Victor himself had taken over the business at a young age, being only 29 when he was placed in charge. Ms Wild fondly remembers seeing him sketching out by hand ideas for new recipe ideas.
His greatest achievement was in her opinion the deal in 1962 to purchase the Taylors business.
Apparently he spent many a day in the coffee factory working on new ideas.
“He was an artist,” she said.
“He understood engineering and how machines working. Jonathan used to say how bits of his Meccano set would go missing and end up in a machine somewhere.”
Eventually Victor retired but the partnership between Jonathan and Lesley endured successfully for decades. In 1997 Jonathan became chair and CEO of Bettys with her assuming the role of deputy chair.
Nine years later the role of CEO and chair were separated, with Jonathan taking the former and Ms Wild the later.
A few years later Jonathan decided to step down altogether. He had become very involved environmental projects and today works as an author of children’s books.
“He had lots of things he wanted to do, so he walked away and I was left holding the baby, “ she jokes.
For Ms Wild and Bettys it is a journey now in its fourth decade.
During our interview she speaks to several customers about their day. Some of whom clearly know her and her role with the firm while to others she just seems another friendly patron.
She is warm with them all and eager to ensure they are having a great morning in the cafe.
It is a role that she says is some distance away from where she ever imagined she would end up, but one that she nevertheless takes very seriously.
“I never expected to be here doing this job,” she said.
“It is a big responsibility and I do feel a great responsibility for the other shareholders. I always have in my head that I have to do the right thing by them.
“I am in an inlaw. I was not born into this business.
“It weighs heavily sometimes. But it is a joy.”
When asked what it takes to be a leader of the Bettys institution Ms Wild is very clear.
“We have a very strong philosophy. We want to be accessible to everyone.
“It doesn’t matter if you just come and have a cup of coffee or a three course meal - you are treated the same.
“That was very much Frederick Bellmont’s philosophy.
“This was an orphan who lost his parents at five, he had not had a sophisticated education, he was an immigrant.
“But he had a strong grasp of marketing, he really saw an opportunity. We still live by that philosophy to that day.
“We are only as good as the last cup of tea or poached egg we sell.
“A good reputation is easily lost. That is why we are so keen to preserve our point of difference and our quality.”
Last month the Bettys & Taylors Group reported record sales figures. Its tea rooms welcomed more than two million people through the doors and its share of the black tea and coffee markets remain very strong.
But for Ms Wild and her team of shareholders, the idea of establishing powerful growth in such a volatile market is not the priority.
In the last year alone national and regional chains like Jamie’s Italian and Filmore & Union have gone to the wall, Bettys is more interested in securing the next 100 years rather than exponential growth.

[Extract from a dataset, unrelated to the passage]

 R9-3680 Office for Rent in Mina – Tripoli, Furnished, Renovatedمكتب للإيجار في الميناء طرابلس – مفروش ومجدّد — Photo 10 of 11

Ms Wild said: “Growing the business is not what we have been about as a group of shareholders. It has been about strengthening and maintaining what we have got and making sure it is safe and secure for the future.

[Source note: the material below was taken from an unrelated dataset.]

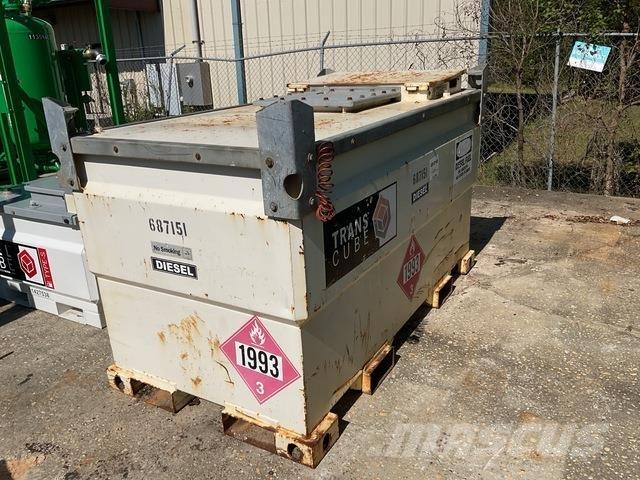 Western 20TCG Fuel and additive tanks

“Because we are about quality and doing the best we can be, as well as doing what is right in the world, that is what drives the business.
“It is not about ,ore, more, more.”
When Ms Wild joined the business it employed circa 300 people. Today that figure is north of 1,500.
With such a strong reputation the obvious question arises as to whether the firm has ever consider expansion beyond the Broad Acres.
“We get approached all of the time to do things,” said Ms Wild.
“Every time some gets developed in Leeds we get asked.
“We always look then think ‘ I don’t think so’.”